◆ **Exercise instructions**
Nothing outside the range is wanted. Repeat exactly the lines below from the one with "Pengurus Cabang (PC)" through the one with "Baymont Inn & Suites Lawrence".

◆ **Exercise input**
#####

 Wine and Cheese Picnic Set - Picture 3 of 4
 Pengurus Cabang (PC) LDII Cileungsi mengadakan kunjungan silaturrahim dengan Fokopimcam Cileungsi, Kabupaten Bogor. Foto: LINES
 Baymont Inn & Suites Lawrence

#####

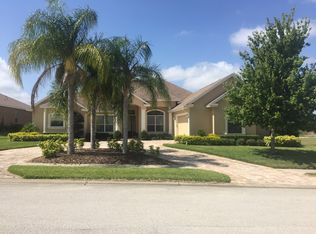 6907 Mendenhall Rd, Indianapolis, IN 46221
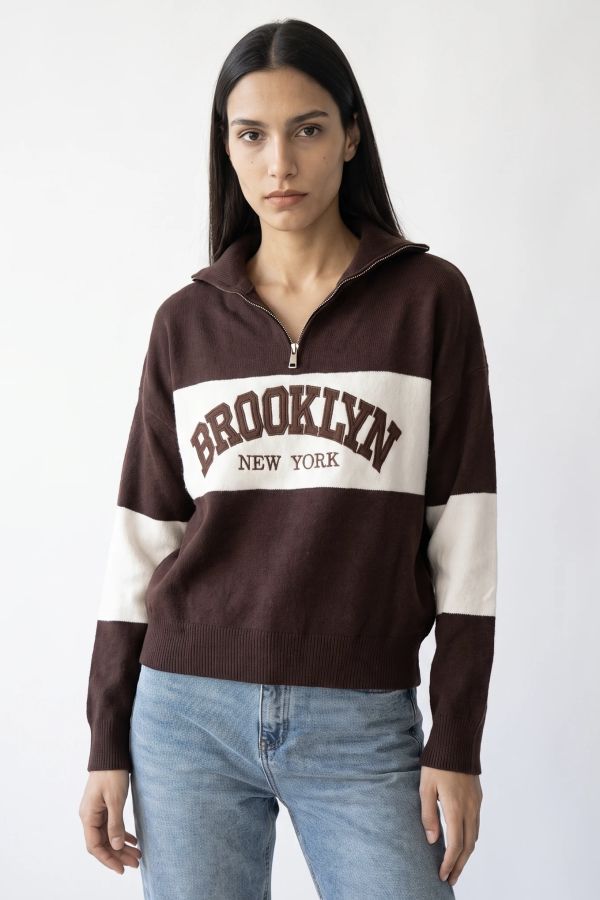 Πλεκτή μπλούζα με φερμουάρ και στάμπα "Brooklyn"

#####

◆ **Solved exercise**
 Pengurus Cabang (PC) LDII Cileungsi mengadakan kunjungan silaturrahim dengan Fokopimcam Cileungsi, Kabupaten Bogor. Foto: LINES
 Baymont Inn & Suites Lawrence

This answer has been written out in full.